(For those of you who followed our trip to Wyoming on my blog, this post is from the last morning on the way back, in Canistota, South Dakota where we stay every year at a nice little Best Western.)
My eyes open, search for the clock’s illuminated numbers. 5:02 am. Too early to get up in a motel room where two other people are still sound asleep…and too early period. My alarm is set for 5:45, to give me time to shower before packing and having breakfast, not far enough away for me to relax back into sleep.
Lying in bed, I hear what sounds like motorcycles rumbling, then realize it’s going on much too long for that. It’s almost continuous thunder , although I can’t hear the rain over the noise of the air conditioner that we use both for sleeping coolness and white noise.

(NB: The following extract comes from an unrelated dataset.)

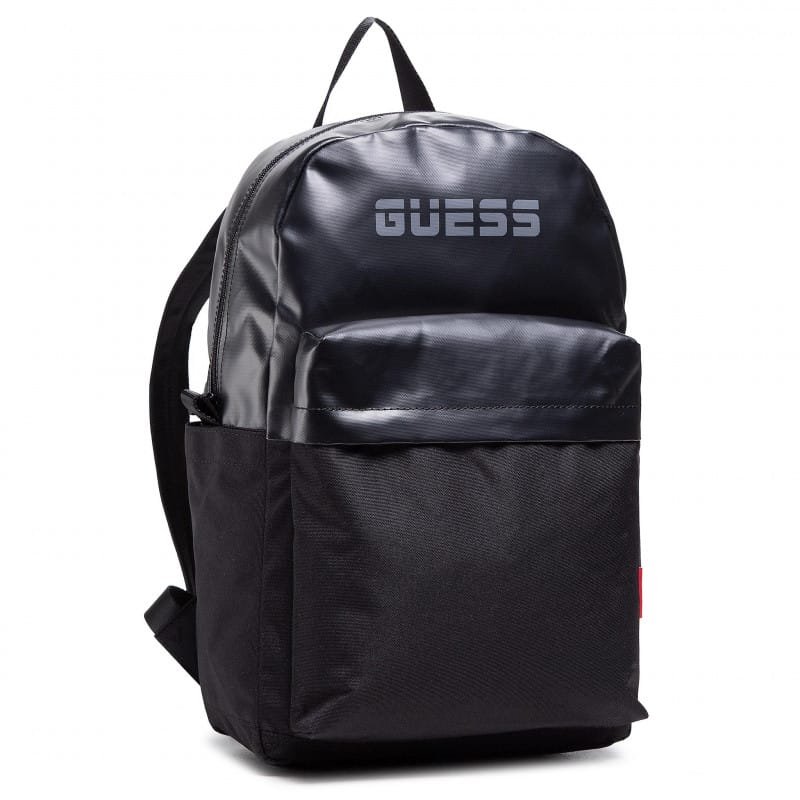 Zaino Uomo Guess HMEELP1205-Nero - Pelletteria Di Matteo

When I finally go out into the grey chill morning light, the rain’s almost stopped. Walking toward the room with the ice machine, keeping well under the overhanging roof edge,I see what t turn out to be, on closer inspection, lots of little frogs (or toads) hopping along the walkway in the puddles. They’re everywhere, apparently frolicking in the water. Where did they come from in this small, not particularly wet town in eastern South Dakota and where are they going?
Most of the farms we see here are dry land farms, meaning they have no irrigation and are dependent on the weather, so I imagine the rain is welcome, except for anyone who’s just mown hay and is waiting for it to dry enough to bale. As with most places, though, corn and soybeans appear to be the main crops and they can still use the rain.

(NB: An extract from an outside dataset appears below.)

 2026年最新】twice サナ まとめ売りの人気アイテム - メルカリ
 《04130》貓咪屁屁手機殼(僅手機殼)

Last night when we arrived, all the parking spots by the doors were full, so when the downpour starts again when we’re starting load, we, like the Queen, are not amused. Additionally, our two now soaked bikes need to be unlocked and removed from the rack, then the rack put down before the back of the van can be opened. I get one load in before the heavens open, then crouch inside, shielded by the raised trunk until rain begins to blow in. A mad dash for our room leaves my previously just-dried hair soaked, the same for my sweatshirt. Are we having fun yet?

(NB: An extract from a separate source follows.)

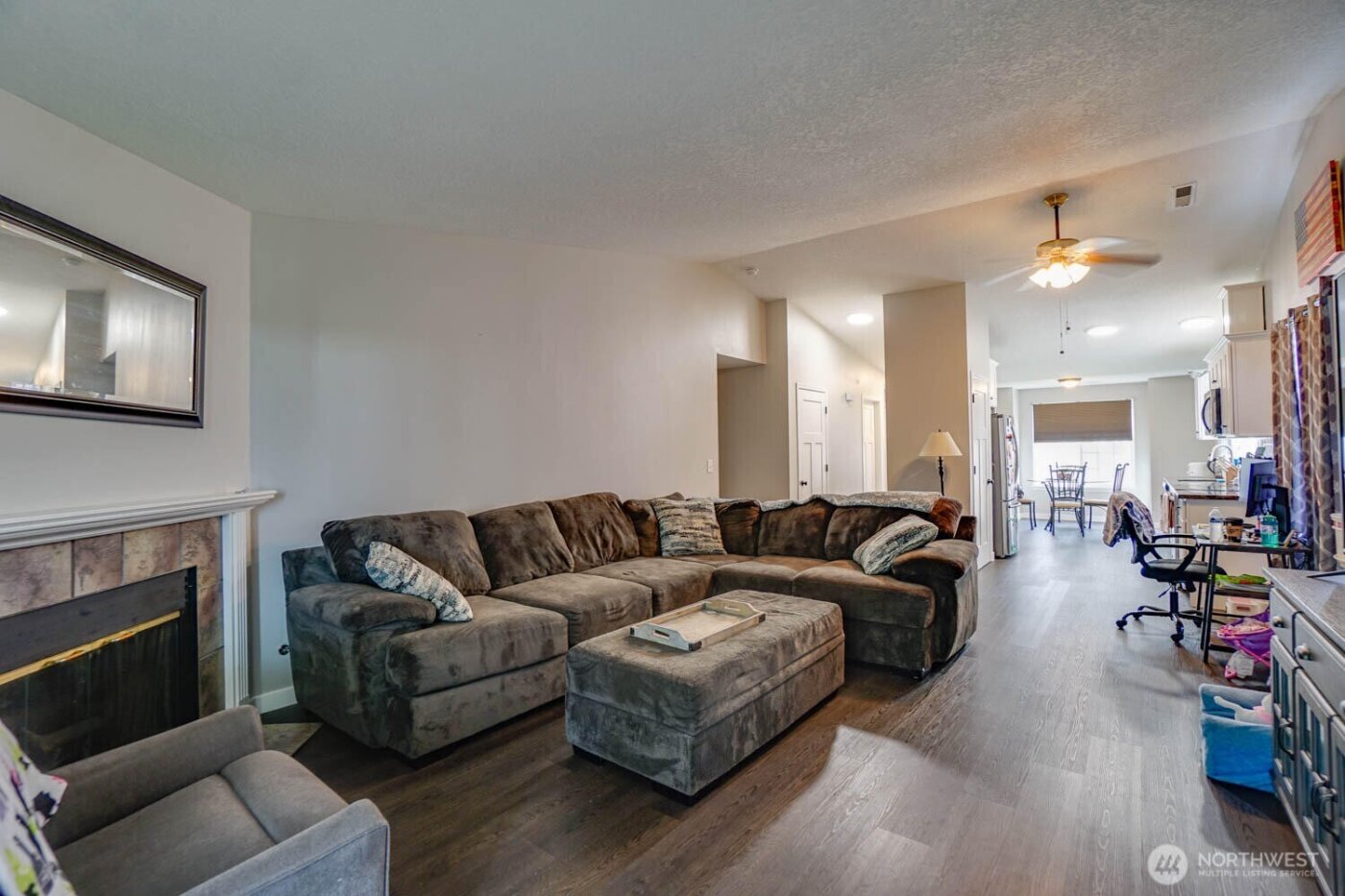 4605 NE 161st Avenue , Vancouver, WA 98682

Eventually the rain abates long enough to load and put the bikes back on, although after about five minutes we’re once again engulfed in a storm that holds our speed to 50 maximum on the interstate. Trucks fly by much faster even though safety dictates caution. Where we can usually see long distances, curtains of grey rain and fog limit our vision to well under a mile. It promises to be a longer day of driving than the ten hours we anticipated, but hopefully we’ll soon out-drive the storm. As we drive, I wonder where the frogs went.